*** Dataset excerpts Section Begins ***

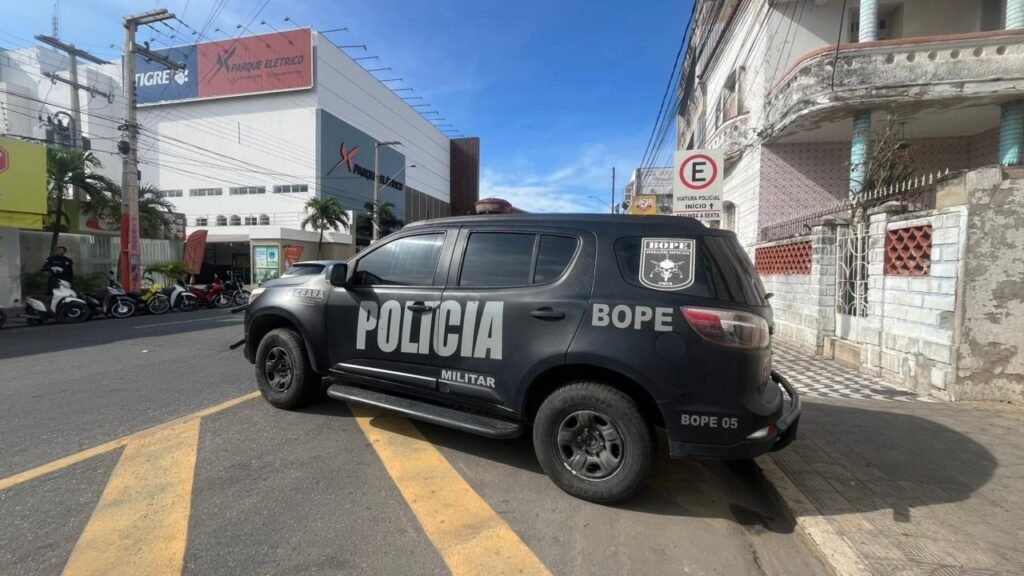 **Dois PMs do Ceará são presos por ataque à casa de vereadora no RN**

*** Dataset excerpts Section Ends ***
*** Dataset excerpts Section Begins ***

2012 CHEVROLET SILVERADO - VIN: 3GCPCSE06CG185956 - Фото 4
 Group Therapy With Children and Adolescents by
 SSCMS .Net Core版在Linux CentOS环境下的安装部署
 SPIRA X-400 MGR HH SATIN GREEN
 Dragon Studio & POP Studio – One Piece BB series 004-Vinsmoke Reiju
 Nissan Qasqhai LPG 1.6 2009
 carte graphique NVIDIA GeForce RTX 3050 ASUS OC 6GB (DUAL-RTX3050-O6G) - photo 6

*** Dataset excerpts Section Ends ***

Print exactly the lines above, between the one holding "Group Therapy With" and the one holding "Nissan Qasqhai LPG 1.6 2009", inclusive, and nothing besides.

**Answer for this exercise**
 Group Therapy With Children and Adolescents by
 SSCMS .Net Core版在Linux CentOS环境下的安装部署
 SPIRA X-400 MGR HH SATIN GREEN
 Dragon Studio & POP Studio – One Piece BB series 004-Vinsmoke Reiju
 Nissan Qasqhai LPG 1.6 2009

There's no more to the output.